走ることを継続するために、走る仲間を作ると一緒に頑張るため継続しやすくなります。

走る仲間を探す方法として地元のランニングクラブに参加する、ランニングステーションに行く、SNSアプリを活用する、フードマラソンなどのイベントに参加するなどが挙げれます。

【ランニングクラブ】

「ランニングクラブ」などで検索すると、意外と地元でも様々なランニングクラブがあるものです。

初心者歓迎のランニングクラブがいろんなところにありますので、気軽に参加できそうなところに参加してみてはいかがでしょうか?

【ランニングステーション】

ランニングステーション(通称ランステ)と呼ばれるところはロッカー・シャワーが完備してあるコミュニケーションスペースがあったりします。常連さんがいらっしゃることも多く、何度か走り続けると顔馴染みの人も出てくるかもしれません。

「ランニングステーション 〇〇※地元名」で検索すると出てくるかもしれません。

【SNSアプリ】

Xなどのアプリを使うと走っているランナーさんはいっぱいいます。中にはXを通じて走り仲間を作っている人もいるため、少しハードルは高いかもしれませんがアプリを通じて仲間を探してみてはいかがでしょうか?

【イベントに参加する】

マラソンのイベントと聞くと”フルマラソン”・”ハーフマラソン”をイメージする方が多いかもしれません。しかし、マラソンのイベントはフードマラソンのような地元の特産物を要所要所で食べながら走るというような楽しいマラソンもあります。

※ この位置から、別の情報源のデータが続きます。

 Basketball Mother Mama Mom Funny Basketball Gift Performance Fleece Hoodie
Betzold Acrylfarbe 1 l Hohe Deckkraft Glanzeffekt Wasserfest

「フードマラソン」と検索すると、様々なイベントが出てくるため参加してマラソン仲間を探してみてはいかがでしょうか?

ランニングアイテムを少しずつそろえる

ランニングシューズ・ウェア・防止やサングラスなど徐々にランニングのアイテムを揃えていくとマラソンが楽しくなってきます。

【新しいグッズ・アイテムでモチベーションアップ】

ランニングに関わる用具をちょっとずつ買って揃えていくことは新しいものを試したくなる気持ちで自然とランニングを継続しやすくなります。

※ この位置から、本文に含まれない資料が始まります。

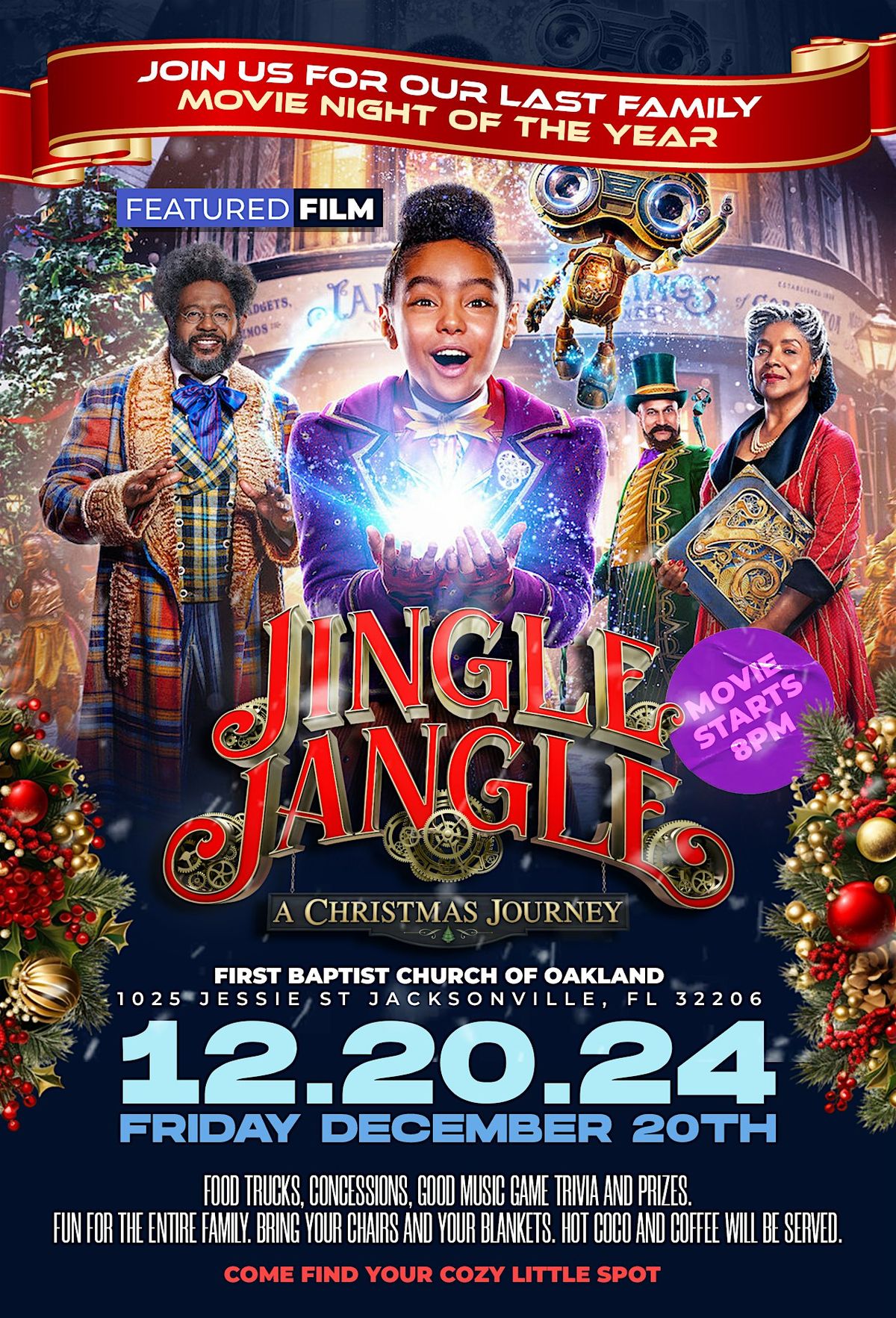 Family Movie Night- Jingle Jangle: A Christmas Journey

アイテムを少しずつ揃えていく過程も楽しみの一つ。「これを着て走りたい!」というワクワク感が、あなたを外へと連れ出してくれるはずです。

まとめ

ランニングを20分以上走らないと脂肪燃焼しないというわけではありません。短時間のランニングでも、走り始めたタイミングから脂肪は燃焼されていきます。「20分以上じゃないと意味がない」という言葉にプレッシャーを感じていた方は、もっと気楽に考えてみてください。

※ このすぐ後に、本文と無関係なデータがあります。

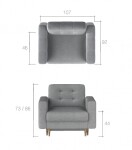 Sedací sestava Asgard 3+1 látka: Soft 33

しかし、ランニングを20分以上行うと効率よく脂肪を燃焼させることができ、脂肪を落としたい方にはオススメです。ゆっくりとしたペースで走り、長い時間走ることを意識してみましょう。長く走るために音楽やオーディオブックなど工夫することで快適に走ることができます。

20分以上走ることは脂肪燃焼だけでなく、ストレス耐性やアンチエイジング、自信が付くといった様々なメリットがあります。

ランニングを始める・継続するポイントを意識して、ランニングを続けてみて下さい。